La hija, que se había levantado con el fin de resguardar algunos enseres y
animales que estaban en un pequeño aprisco junto a la vivienda, volvió a la
casa y se puso a preparar el desayuno para el marido y los hijos. También
preparó el del padre, junto a los varios medicamentos que debía tomar
diariamente. Él estaría en siete sueños, pues nunca solía levantarse temprano,
y menos aún cuando había tormenta. Siempre le habían asustado las tormentas.
Como si se hubiese abierto el cielo, el agua no caía ya a ramales, caía a
cántaros. Los pocos animales que tenían, los había dejado a buen resguardo en
la minúscula establo-granero adosado a la vivienda, y estaba tranquila. Sólo se
trataba de unas gallinas, unos conejos y un pato, más el perro. Con los gatos,
que eran dos, no había cuenta, pues siempre campaban a sus anchas. Mientras iba
preparando todo, no dejaba de mirar hacia el exterior, pues aquel negror y
aquel tipo de tormentas era inusitado y le asustaba.

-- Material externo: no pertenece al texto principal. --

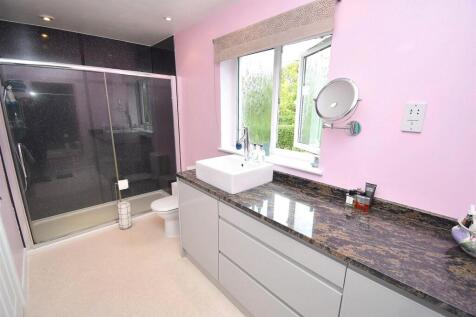 MASTER ENSUITE.JPG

Los niños podrían dormir cuanto quisieran. No podrían salir a la calle a
jugar, ni andar por el campo. Hacía un día de perros, y el tiempo no estaba
como para atreverse a sacar ni tan siquiera la nariz. La mañana ya
hacía entender que iba a ser un día especial. Tal y como todo apuntaba, sería
una magnífica ocasión para estar todos en casa. Todos bien resguardados en el
interior de aquellas vetustas paredes que tantos recuerdos les traían. Tal vez
encenderían el fuego, que hasta entonces había estado apagado desde finales de
la primavera. Ya era otoño y el frío estaba haciendo acto de presencia. Ella
aprovecharía para ayudar a los niños a hacer sus deberes, al padre a hacer
ejercicios de memoria y le quedaría algún tiempo para leer la obra de Ken
Follet “Las Tinieblas y el Alba”. Incluso podrían entretenerse con algún juego
de mesa, tras el almuerzo, junto al fuego. Luego volvería al establo, daría de
comer a los animales y recogería los huevos del día.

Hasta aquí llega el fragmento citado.